We present Church-style call-by-name lambda-calculus with delimited control operators shift/reset and first-class contexts. In addition to the regular lambda-abstractions -- permitting substitutions of general, even effectful terms -- the calculus also supports strict lambda-abstractions. The latter can only be applied to values. The demand for values exerted by reset and strict functions determines the evaluation order. The calculus most closely corresponds to the familiar call-by-value shift/reset calculi and embeds the latter with the help of strict functions.
The calculus is typed, assigning types both to terms and to contexts. Types abstractly interpret operational semantics, and thus concisely describe all the effects that could occur in the evaluation of a term. Pure types are given to the terms whose evaluation incurs no effect, i.e., includes no shift-transitions, in any context and in any environment binding terms' free variables, if any.

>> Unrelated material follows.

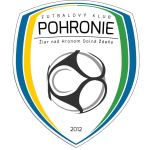 FK Pohronie Ziar Nad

A term whose evaluation may include shift-transitions has an effectful type, which describes the eventual answer-type of the term along with the delimited context required for the evaluation of the term. Control operators may change the answer type of their context.
cbn-xi-calc.elf [19K]
Twelf code that implements the dynamic semantics (the eval*
relation) and the type
inference (the teval
relation). The teval
relation is
deterministic and terminating, thus constructively proving that the
type system for our Church-style calculus is decidable. The code
includes a large number of examples of evaluating terms and
determining their types.
gengo-side-effects-cbn.pdf [161K]
Call-by-name linguistic side effects
ESSLLI 2008 Workshop on Symmetric calculi and Ludics for the
semantic interpretation. 4-7 August, 2008. Hamburg, Germany.
Compilation by evaluation as syntax-semantics interface
Linguistics turns out to offer the first interesting
application of the typed call-by-name shift/reset. The paper develops the
calculus in several steps, presenting the syntax and the dynamic semantics
of the final calculus in Figure 3 and the type system in Figures 4 and 5.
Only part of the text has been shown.